**INSTRUCTIONS TO FOLLOW**
Only one stretch of the data below should be repeated: the lines from the line containing "TOM KING ESTATES - Residential" through the line containing "Les marcheurs du", inclusive, exactly as they are.

Records excerpted from a collection
##############################
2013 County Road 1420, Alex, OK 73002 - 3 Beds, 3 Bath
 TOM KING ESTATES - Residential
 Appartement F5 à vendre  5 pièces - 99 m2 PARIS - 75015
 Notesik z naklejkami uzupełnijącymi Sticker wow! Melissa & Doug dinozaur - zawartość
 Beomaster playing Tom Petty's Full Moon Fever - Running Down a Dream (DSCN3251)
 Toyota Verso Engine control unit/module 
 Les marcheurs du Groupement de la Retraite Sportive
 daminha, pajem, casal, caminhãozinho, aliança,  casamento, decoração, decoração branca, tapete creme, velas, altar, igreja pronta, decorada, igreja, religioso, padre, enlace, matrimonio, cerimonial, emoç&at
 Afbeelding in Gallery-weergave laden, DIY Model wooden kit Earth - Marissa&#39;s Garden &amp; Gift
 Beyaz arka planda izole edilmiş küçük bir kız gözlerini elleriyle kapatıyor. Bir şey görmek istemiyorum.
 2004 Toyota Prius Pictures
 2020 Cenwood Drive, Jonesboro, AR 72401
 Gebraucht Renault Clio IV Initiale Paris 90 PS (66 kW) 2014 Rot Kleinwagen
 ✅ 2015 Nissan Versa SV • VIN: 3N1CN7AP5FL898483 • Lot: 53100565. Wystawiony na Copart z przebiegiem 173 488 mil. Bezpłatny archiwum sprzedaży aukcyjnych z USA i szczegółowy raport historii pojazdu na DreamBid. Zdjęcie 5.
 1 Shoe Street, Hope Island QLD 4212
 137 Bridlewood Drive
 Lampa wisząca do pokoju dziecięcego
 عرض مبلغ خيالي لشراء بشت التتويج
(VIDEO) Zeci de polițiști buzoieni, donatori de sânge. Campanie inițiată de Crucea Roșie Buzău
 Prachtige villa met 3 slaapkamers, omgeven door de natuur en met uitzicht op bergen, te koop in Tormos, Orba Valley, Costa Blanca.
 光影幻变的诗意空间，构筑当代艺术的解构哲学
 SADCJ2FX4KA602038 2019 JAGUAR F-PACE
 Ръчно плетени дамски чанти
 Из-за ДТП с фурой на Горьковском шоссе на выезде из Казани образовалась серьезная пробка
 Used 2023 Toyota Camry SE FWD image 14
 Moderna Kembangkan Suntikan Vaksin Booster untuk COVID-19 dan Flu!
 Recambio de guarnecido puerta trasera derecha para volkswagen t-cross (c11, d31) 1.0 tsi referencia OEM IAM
##############################
**OUTPUT OF THE EXERCISE**
 TOM KING ESTATES - Residential
 Appartement F5 à vendre  5 pièces - 99 m2 PARIS - 75015
 Notesik z naklejkami uzupełnijącymi Sticker wow! Melissa & Doug dinozaur - zawartość
 Beomaster playing Tom Petty's Full Moon Fever - Running Down a Dream (DSCN3251)
 Toyota Verso Engine control unit/module 
 Les marcheurs du Groupement de la Retraite Sportive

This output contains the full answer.